Tom Sullivan 21-Feb-2017 at 09:56 hrs

The document states that

"We will improve direct access between primary and secondary care."

How does that fit with the decision taken by the Health & Social Care Board last week not to proceed with direct access to physiotherapy in Northern Ireland.

Direct access is a system of access that facilitates patients with a musculoskeletal condition to refer themselves directly to a physiotherapist without seeing a GP first. The known benefits include,

To Patients:
•Access to expert musculoskeletal (MSK) assessment, diagnosis and treatment
•Prevention of short term problem becoming a long term condition
•Improved patient experience
•A shorter and more streamlined pathway
•Opportunity to gain lifestyle/physical activity advice
•Quicker support to aid patients’ return to work.

To GPs:
•Freed up time through reallocating appointments for patients with MSK problems
•Reduced prescription costs
•Freed up administration time

An evaluation of the direct access physiotherapy pilot, which has been operating in the South Eastern Trust since June 2015 demonstrated high levels of service user satisfaction, patient empowerment and better clinical outcomes. In addition, given the current crisis facing general practice in Northern Ireland direct access physiotherapy has the potential to significantly free up GP time and reduce waiting lists.

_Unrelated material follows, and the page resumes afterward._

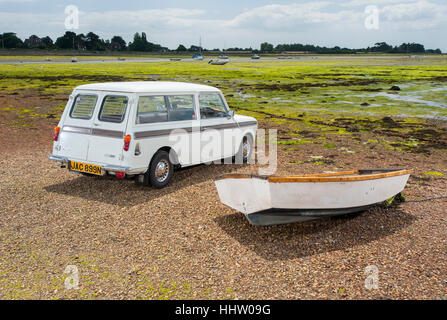 1974 Mini Clubman Estate, britische Kleinwagen Stockfoto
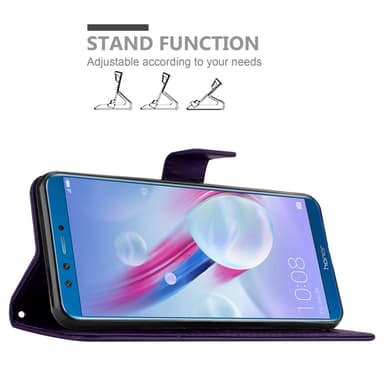 Honor 9X LITE Pungetui Cover Case (Lilla)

However, this will now not happen as a result of the decision taken by the Health & Social Care Board. This decision is contrary to the redesign and transformation of health care services agenda and the most up to date research evidence.


Susan Boyce 21-Feb-2017 at 08:43 hrs

Whilst the document addresses many issues and very prominent issues it still is dependent on significant additional funding.

Surely the minister knows the budget IS NOT. A bottomless pit.

The real problems within primary care are not addressed i.e. Waste of current time and monies within hospitals being addressed and employees being held to account.

The waiting times suggested are still not good enough given we have paid for this care all our working lives. Waiting 26-52 weeks for many is to little to late.

Engagement with the public is to say the least sporadic and those of us needing care are not listened to.

Health care needs total reformation and less job protection in the mix.